Exercise brief: Nothing but the records, repeated word for word and free of pictures, belongs in the answer.

Records from a collection:
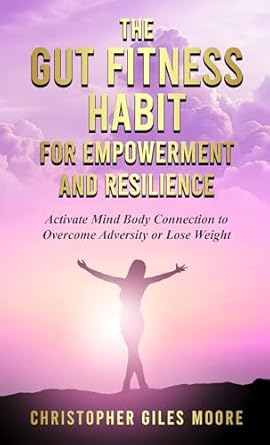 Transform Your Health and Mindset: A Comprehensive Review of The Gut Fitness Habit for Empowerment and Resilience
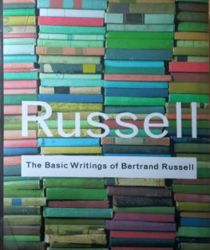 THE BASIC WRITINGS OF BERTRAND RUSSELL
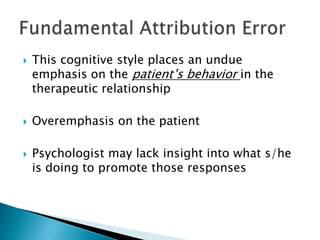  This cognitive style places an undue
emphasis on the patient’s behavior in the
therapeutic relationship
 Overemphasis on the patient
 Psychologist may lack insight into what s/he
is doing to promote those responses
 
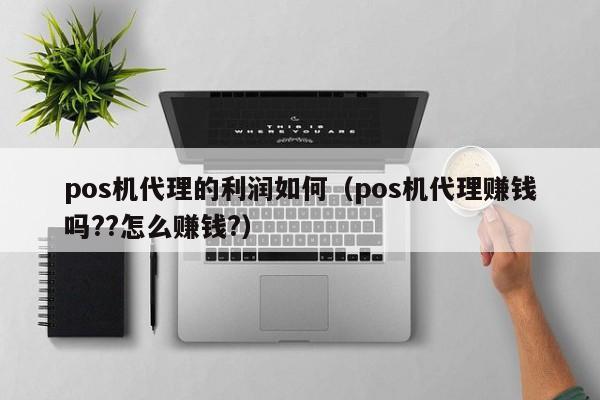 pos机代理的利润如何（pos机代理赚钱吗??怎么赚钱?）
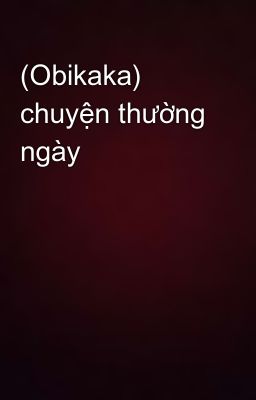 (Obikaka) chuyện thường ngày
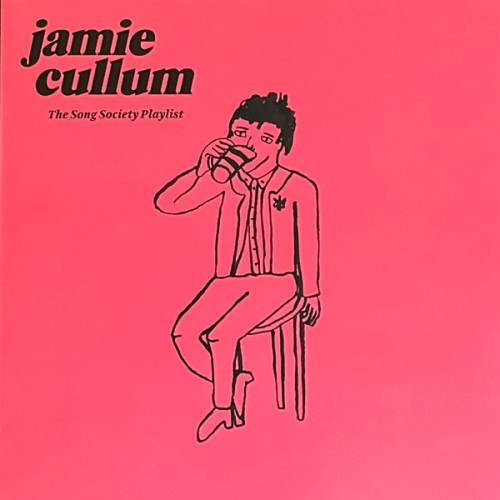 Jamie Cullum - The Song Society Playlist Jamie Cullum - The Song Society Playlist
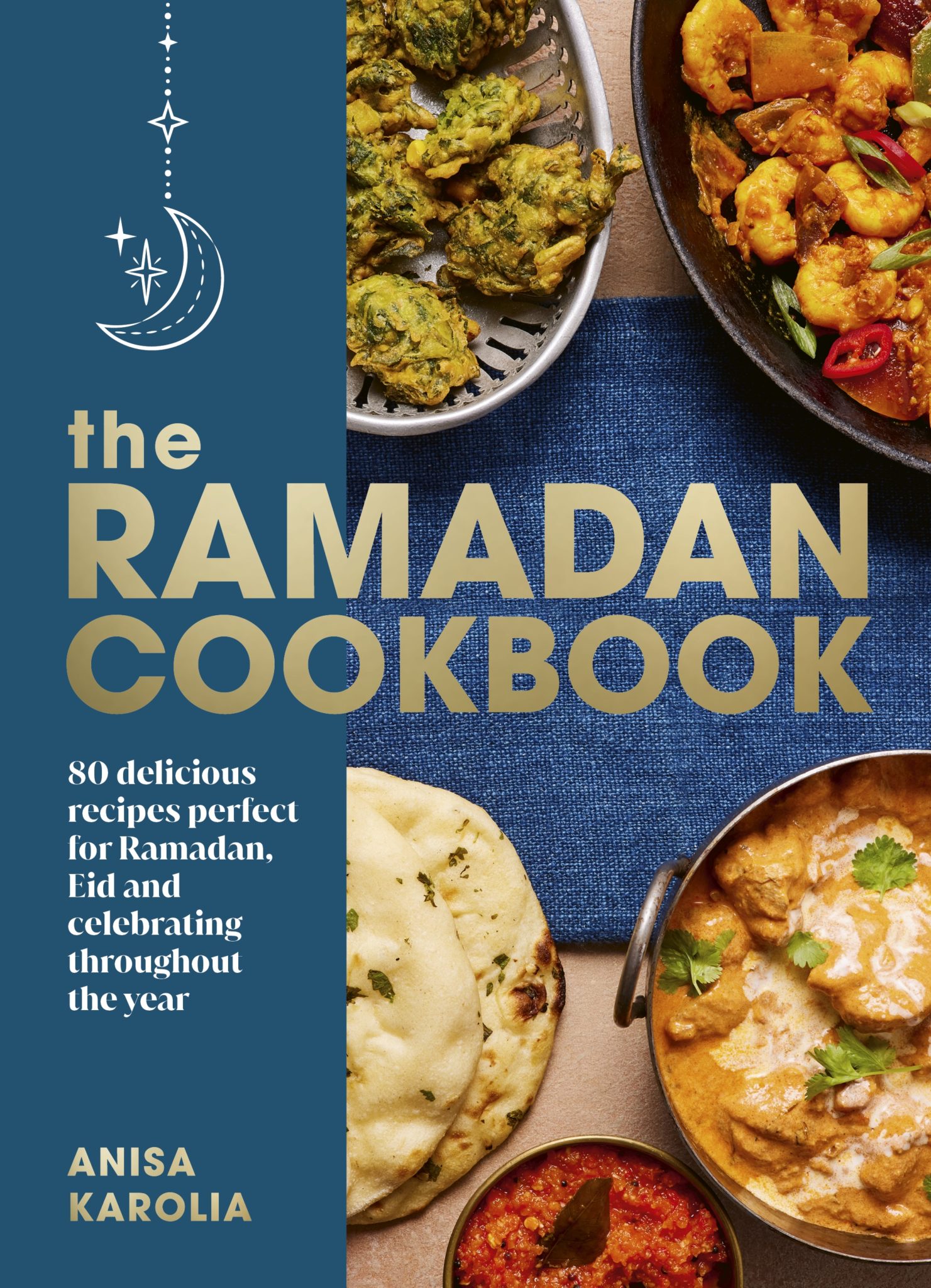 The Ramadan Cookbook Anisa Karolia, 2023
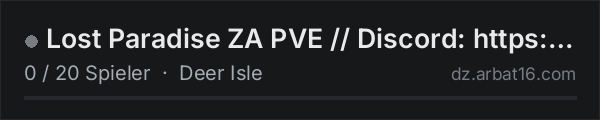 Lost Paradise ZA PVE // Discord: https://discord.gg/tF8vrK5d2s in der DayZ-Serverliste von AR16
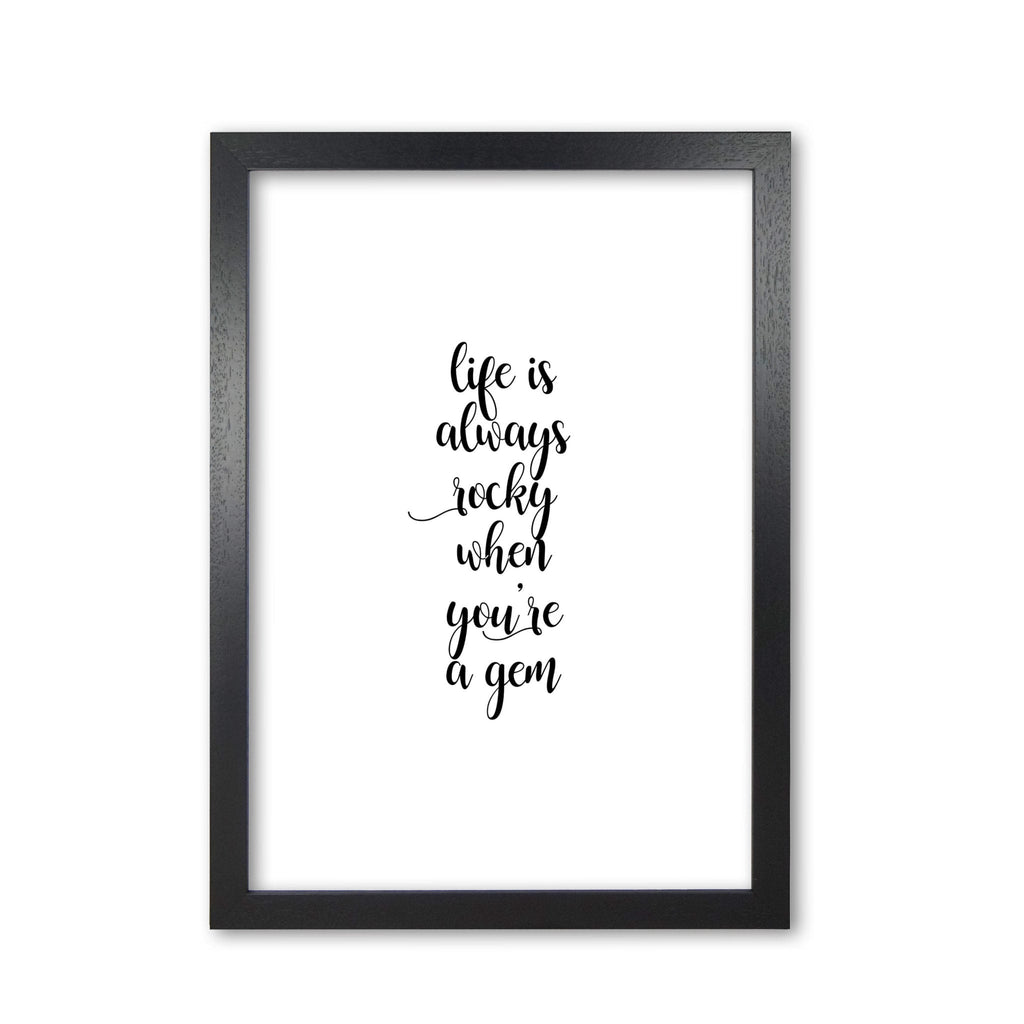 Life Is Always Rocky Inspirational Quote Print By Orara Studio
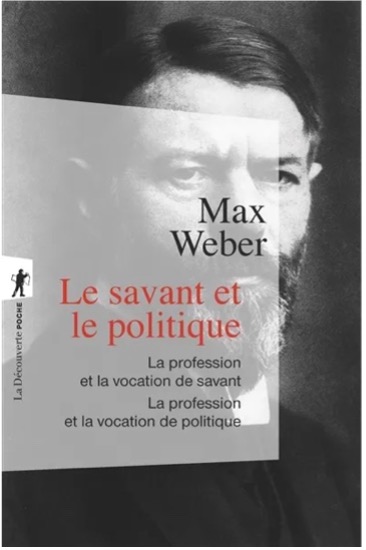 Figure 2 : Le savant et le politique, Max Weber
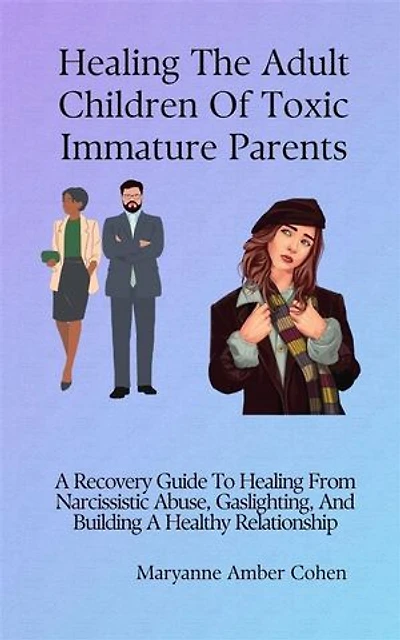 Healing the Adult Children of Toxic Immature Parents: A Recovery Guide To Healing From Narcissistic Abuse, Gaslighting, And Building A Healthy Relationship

Expected answer:
 Transform Your Health and Mindset: A Comprehensive Review of The Gut Fitness Habit for Empowerment and Resilience
 THE BASIC WRITINGS OF BERTRAND RUSSELL
  This cognitive style places an undue
emphasis on the patient’s behavior in the
therapeutic relationship
 Overemphasis on the patient
 Psychologist may lack insight into what s/he
is doing to promote those responses
 
 pos机代理的利润如何（pos机代理赚钱吗??怎么赚钱?）
 (Obikaka) chuyện thường ngày
 Jamie Cullum - The Song Society Playlist Jamie Cullum - The Song Society Playlist
 The Ramadan Cookbook Anisa Karolia, 2023
 Lost Paradise ZA PVE // Discord: https://discord.gg/tF8vrK5d2s in der DayZ-Serverliste von AR16
 Life Is Always Rocky Inspirational Quote Print By Orara Studio
 Figure 2 : Le savant et le politique, Max Weber
 Healing the Adult Children of Toxic Immature Parents: A Recovery Guide To Healing From Narcissistic Abuse, Gaslighting, And Building A Healthy Relationship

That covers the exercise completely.